High nutrient, low calorie eating results in dramatic increases in life span as well as prevention of chronic illness.

From hundreds of scientific studies we see:

– resistance to experimentally induced cancers
– protection from spontaneous and genetically predisposed cancers
– a delay in the onset of late life diseases
– Non-appearance of atherosclerosis and diabetes
– lower cholesterol and triglycerides and increased HDL
– improved insulin sensitivity
– enhancement of the energy conservation mechanism, including reduced body            temperature
– reduction in oxidative stress
– reduction in parameters of cellular ageing, including cellular congestion
– enhancement of cellular repair mechanisms, including DNA repair enzymes
– reduction in inflammatory response and immune cell proliferation
– improved defences against environmental stresses
– suppression of the genetic alterations associated with ageing
– protection of genes associated with the removal of oxygen radicals
– inhibited production of metabolites that are potent cross-linking agents
– slowed metabolic rate.

 

The link between thinness and longevity and obesity and a shorter life span is concrete.

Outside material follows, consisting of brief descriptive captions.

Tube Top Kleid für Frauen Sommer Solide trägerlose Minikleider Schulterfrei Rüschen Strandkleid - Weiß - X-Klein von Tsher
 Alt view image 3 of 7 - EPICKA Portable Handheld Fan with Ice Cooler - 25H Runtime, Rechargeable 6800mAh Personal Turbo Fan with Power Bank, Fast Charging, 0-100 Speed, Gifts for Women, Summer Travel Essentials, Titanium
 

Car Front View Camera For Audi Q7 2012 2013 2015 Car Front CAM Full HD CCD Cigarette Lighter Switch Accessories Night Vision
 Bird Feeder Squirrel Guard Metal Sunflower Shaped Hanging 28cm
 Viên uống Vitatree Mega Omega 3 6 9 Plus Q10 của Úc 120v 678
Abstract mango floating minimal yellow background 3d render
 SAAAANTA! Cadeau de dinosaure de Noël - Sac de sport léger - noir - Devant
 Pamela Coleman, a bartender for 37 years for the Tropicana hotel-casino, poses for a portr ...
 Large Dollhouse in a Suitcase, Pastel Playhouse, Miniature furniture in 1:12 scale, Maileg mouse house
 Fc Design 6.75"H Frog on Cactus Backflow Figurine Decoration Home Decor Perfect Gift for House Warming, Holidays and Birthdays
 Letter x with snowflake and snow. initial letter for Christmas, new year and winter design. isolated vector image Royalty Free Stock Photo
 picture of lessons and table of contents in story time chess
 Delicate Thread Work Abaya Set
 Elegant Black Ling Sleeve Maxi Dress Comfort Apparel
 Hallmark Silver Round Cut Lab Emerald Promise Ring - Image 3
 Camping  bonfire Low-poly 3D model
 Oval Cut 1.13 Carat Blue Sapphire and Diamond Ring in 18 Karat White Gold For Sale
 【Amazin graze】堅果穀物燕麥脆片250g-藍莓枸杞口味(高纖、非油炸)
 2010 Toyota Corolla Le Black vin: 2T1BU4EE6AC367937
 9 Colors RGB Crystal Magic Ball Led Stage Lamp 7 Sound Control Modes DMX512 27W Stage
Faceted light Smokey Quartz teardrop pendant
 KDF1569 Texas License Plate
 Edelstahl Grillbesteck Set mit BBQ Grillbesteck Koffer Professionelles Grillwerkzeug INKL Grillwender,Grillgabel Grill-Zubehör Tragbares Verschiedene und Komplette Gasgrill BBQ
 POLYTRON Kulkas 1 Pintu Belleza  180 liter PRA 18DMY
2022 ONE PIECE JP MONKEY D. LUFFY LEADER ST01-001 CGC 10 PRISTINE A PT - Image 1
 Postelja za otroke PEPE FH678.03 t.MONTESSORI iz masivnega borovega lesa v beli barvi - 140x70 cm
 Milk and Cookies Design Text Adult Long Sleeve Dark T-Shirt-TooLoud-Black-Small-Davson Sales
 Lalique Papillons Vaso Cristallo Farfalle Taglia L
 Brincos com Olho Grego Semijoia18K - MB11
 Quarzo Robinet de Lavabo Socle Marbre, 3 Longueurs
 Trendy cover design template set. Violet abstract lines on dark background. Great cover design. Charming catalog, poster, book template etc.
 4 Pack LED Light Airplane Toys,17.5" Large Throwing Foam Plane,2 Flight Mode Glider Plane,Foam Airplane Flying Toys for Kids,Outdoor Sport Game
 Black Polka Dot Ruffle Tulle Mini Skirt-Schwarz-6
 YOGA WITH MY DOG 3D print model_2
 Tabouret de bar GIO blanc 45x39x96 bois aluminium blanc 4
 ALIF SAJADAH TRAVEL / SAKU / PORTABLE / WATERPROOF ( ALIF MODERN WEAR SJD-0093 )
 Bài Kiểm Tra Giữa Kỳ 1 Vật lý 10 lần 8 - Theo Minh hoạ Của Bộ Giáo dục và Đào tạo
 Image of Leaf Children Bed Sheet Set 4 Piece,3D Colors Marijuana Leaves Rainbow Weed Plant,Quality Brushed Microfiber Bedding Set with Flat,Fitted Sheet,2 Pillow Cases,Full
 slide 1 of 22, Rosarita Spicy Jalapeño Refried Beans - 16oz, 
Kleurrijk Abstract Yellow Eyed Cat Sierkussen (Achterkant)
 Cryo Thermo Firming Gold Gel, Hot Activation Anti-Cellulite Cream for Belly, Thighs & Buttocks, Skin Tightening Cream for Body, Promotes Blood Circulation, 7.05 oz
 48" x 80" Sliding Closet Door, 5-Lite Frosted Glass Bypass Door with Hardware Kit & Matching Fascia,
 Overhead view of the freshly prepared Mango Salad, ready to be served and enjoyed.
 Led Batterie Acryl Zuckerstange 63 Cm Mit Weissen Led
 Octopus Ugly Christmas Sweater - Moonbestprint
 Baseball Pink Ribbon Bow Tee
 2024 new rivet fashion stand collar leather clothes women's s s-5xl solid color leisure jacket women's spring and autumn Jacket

Another important consideration in other animal studies is that fat and protein restriction have an additional effect on lengthening life span. Apparently higher fat and higher protein intake promotes hormone production, speeds up reproductive readiness and other indicators of ageing and promotes the growth of certain tumours. 

 

For example, excess protein intake has been shown to raise insulin like growth factor (IGF – 1) levels, which are linked to higher rates of prostate and breast cancer.

 

In the wide field of longevity research, there is only one finding that has held up over the years: eating less prolongs life, as long as nutrient intake is adequate. All other longevity ideas are merely conjectural and unproven. Such theories include taking hormones such as estrogen, DHEA, growth hormones, melatonin and a whole host of nutritional supplements. 


So far, there is no solid evidence that supplying the body with any nutritional elements in excess of those provided by a nutrient – dense diet will prolong life. This is in contrast with the over whelming evidence regarding protein and caloric restriction.